▸ Work instructions:
Please retype all of the records below word for word, leaving out any pictures.

(Data supplied begins)

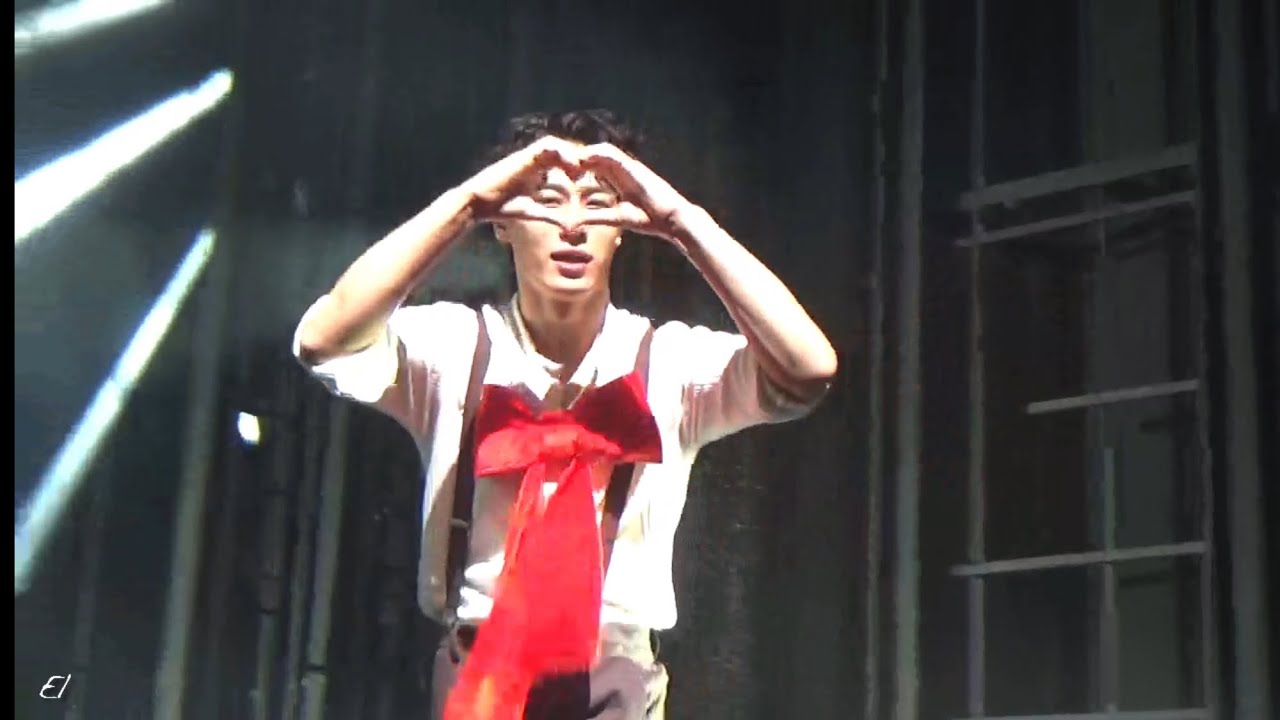 251223 뮤지컬 에비타 Christmas 앵콜 And The Money Kept Rolling In(And Out) - 김성식(KIMSUNGSIK) focus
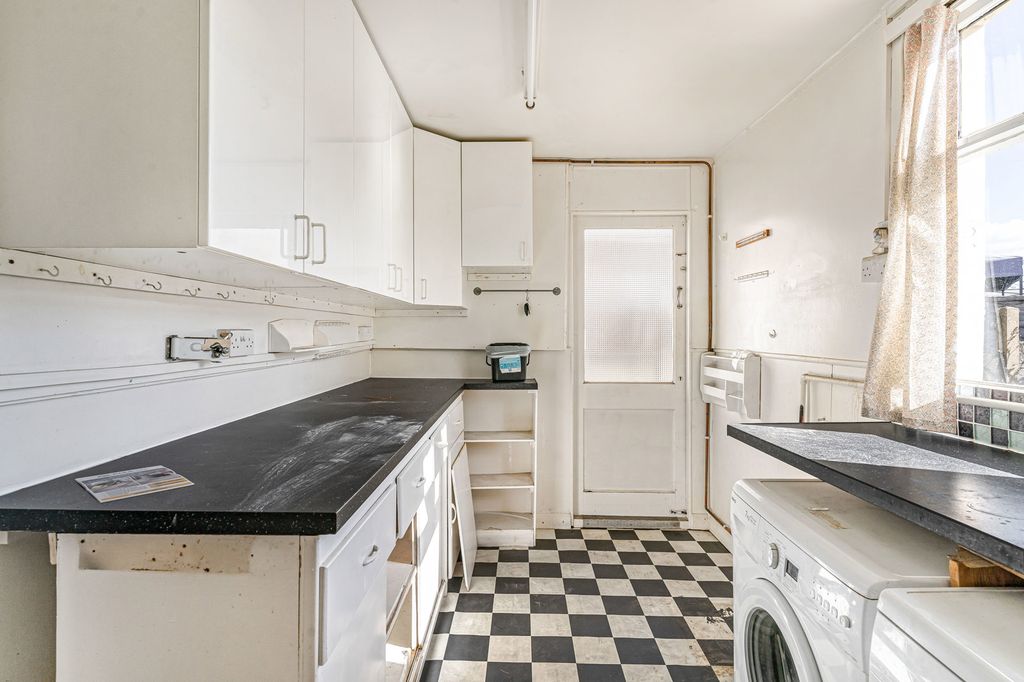 Property photo 3 of 33 Kitchen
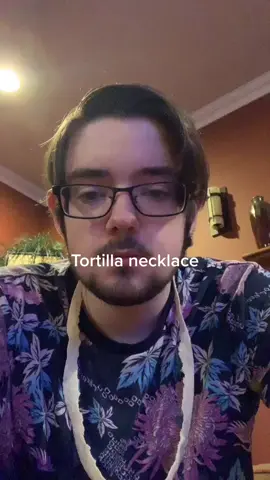 Tortilla necklace #foryoupage #foryou #fyp #fy #xyzcba #indoorworkout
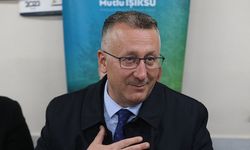 Mutlu Işıksu Kimdir? Kaç Yaşında, Nereli? Adapazari Belediye Başkanı Işıksu Neden Ak Parti'den İstifa Etti?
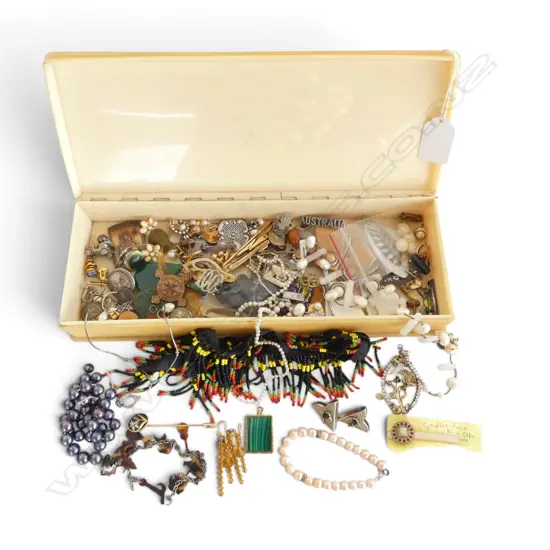 ASST. BROOCHES, PINS, etc Incl. G/P PENDANT w. SEMI-PRECIOUS STONES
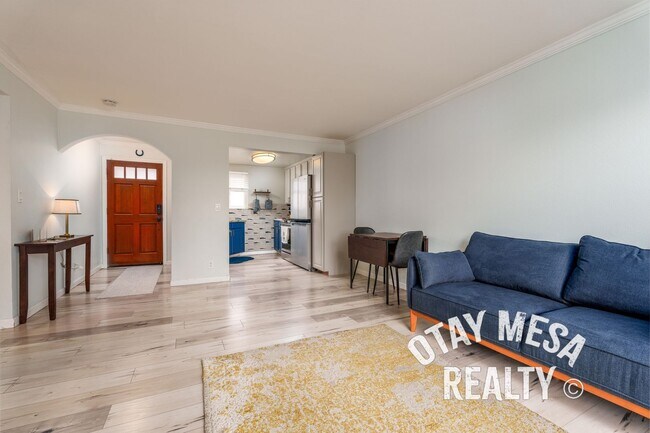 Building Photo - Fully Furnished 2BD/1BA Condo – Ideal for Traveling Professionals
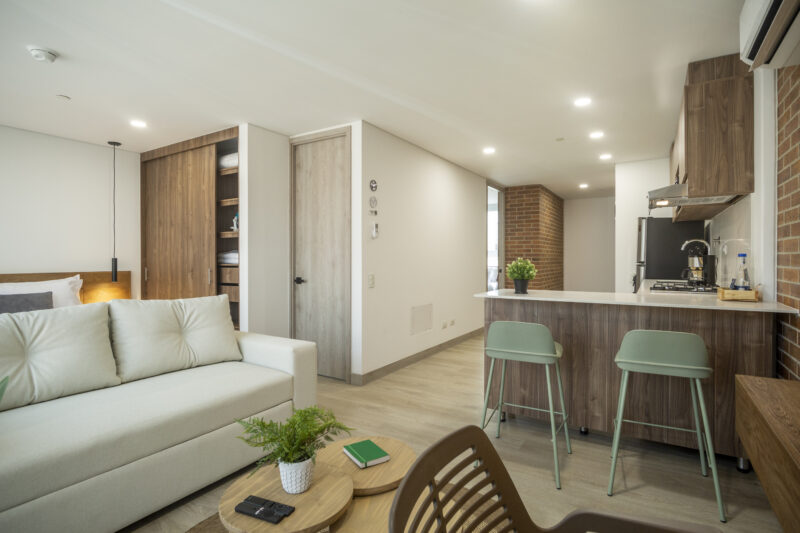 Apartamento Amoblado de 1 Habitación en Laureles, Medellín de 44mt2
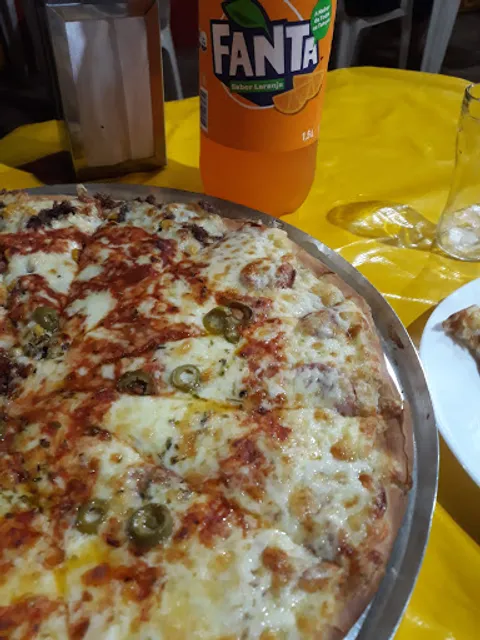 NAPOLITANA PIZZAS & SORVETES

(Data supplied ends)

▸ Expected output:
 251223 뮤지컬 에비타 Christmas 앵콜 And The Money Kept Rolling In(And Out) - 김성식(KIMSUNGSIK) focus
 Property photo 3 of 33 Kitchen
 Tortilla necklace #foryoupage #foryou #fyp #fy #xyzcba #indoorworkout
 Mutlu Işıksu Kimdir? Kaç Yaşında, Nereli? Adapazari Belediye Başkanı Işıksu Neden Ak Parti'den İstifa Etti?
 ASST. BROOCHES, PINS, etc Incl. G/P PENDANT w. SEMI-PRECIOUS STONES
 Building Photo - Fully Furnished 2BD/1BA Condo – Ideal for Traveling Professionals
 Apartamento Amoblado de 1 Habitación en Laureles, Medellín de 44mt2
 NAPOLITANA PIZZAS & SORVETES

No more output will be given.